About this task — Return all of the data exactly, omitting any images.

Record excerpts —

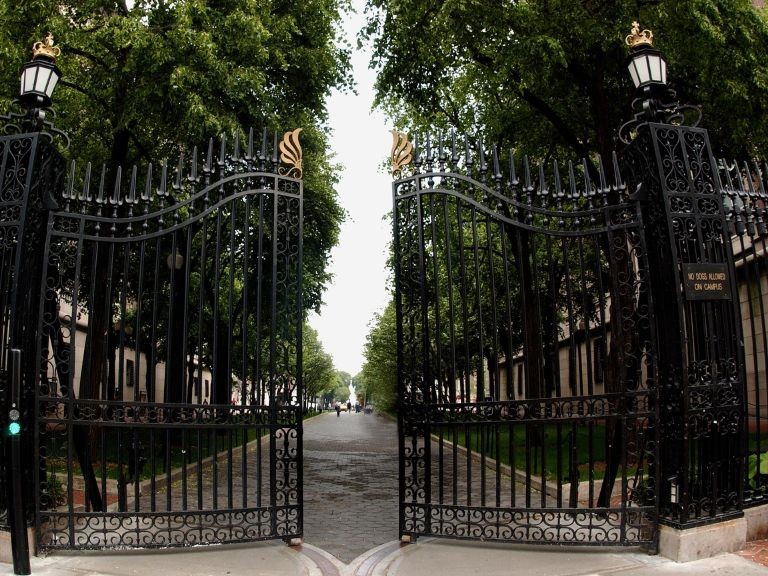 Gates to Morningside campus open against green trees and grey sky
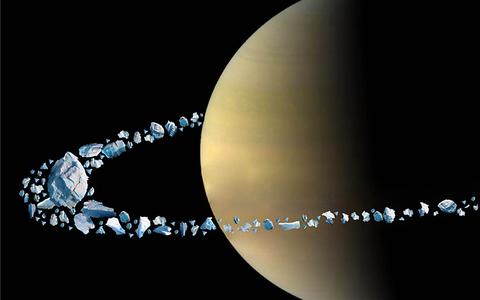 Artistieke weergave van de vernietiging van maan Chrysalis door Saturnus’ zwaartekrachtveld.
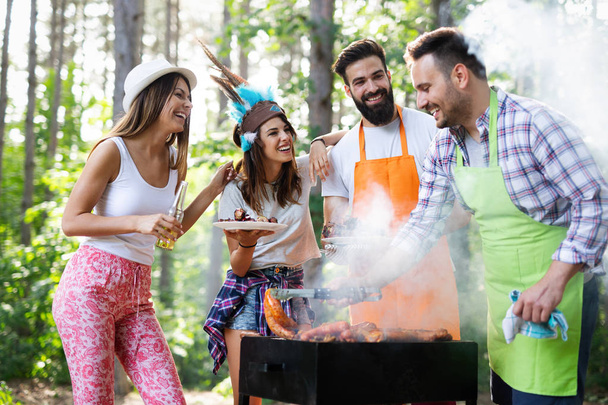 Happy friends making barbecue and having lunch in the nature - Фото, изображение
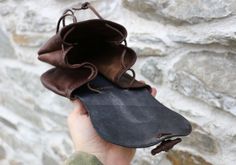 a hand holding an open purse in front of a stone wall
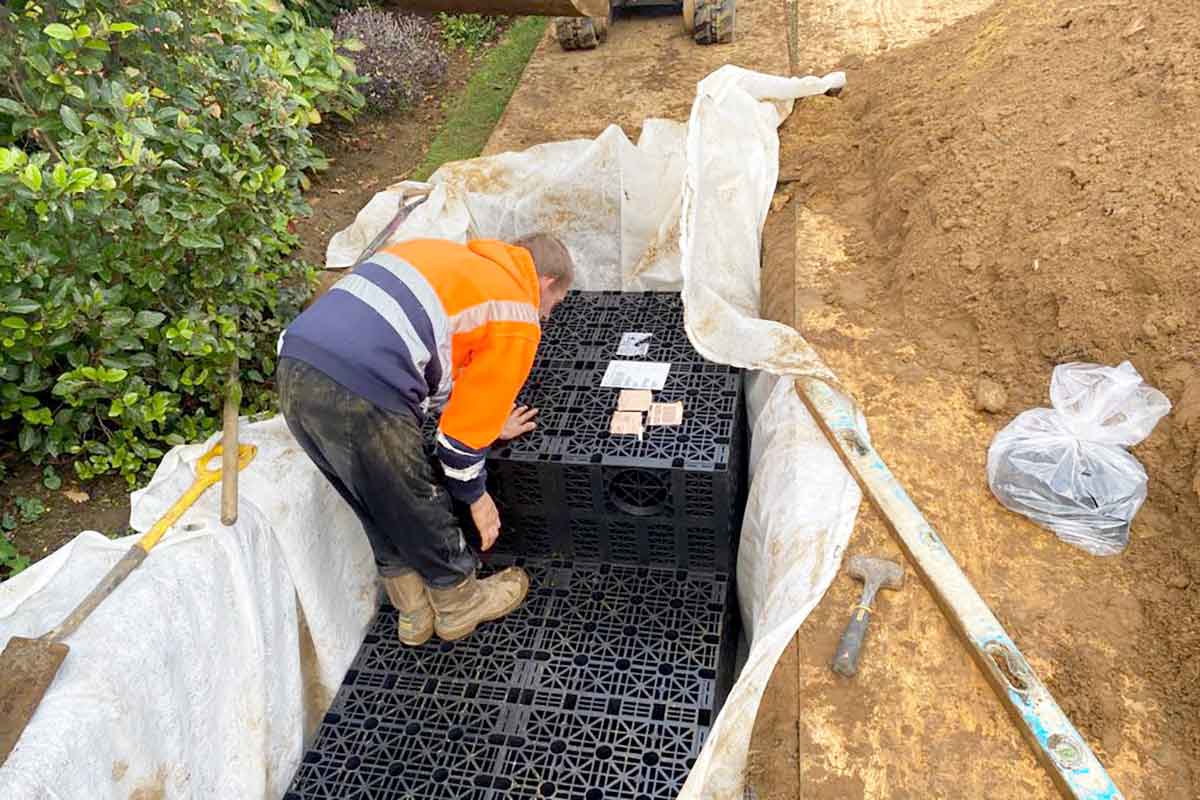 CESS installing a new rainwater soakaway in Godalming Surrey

Task answer —
 Gates to Morningside campus open against green trees and grey sky
 Artistieke weergave van de vernietiging van maan Chrysalis door Saturnus’ zwaartekrachtveld.
 Happy friends making barbecue and having lunch in the nature - Фото, изображение
 a hand holding an open purse in front of a stone wall
 CESS installing a new rainwater soakaway in Godalming Surrey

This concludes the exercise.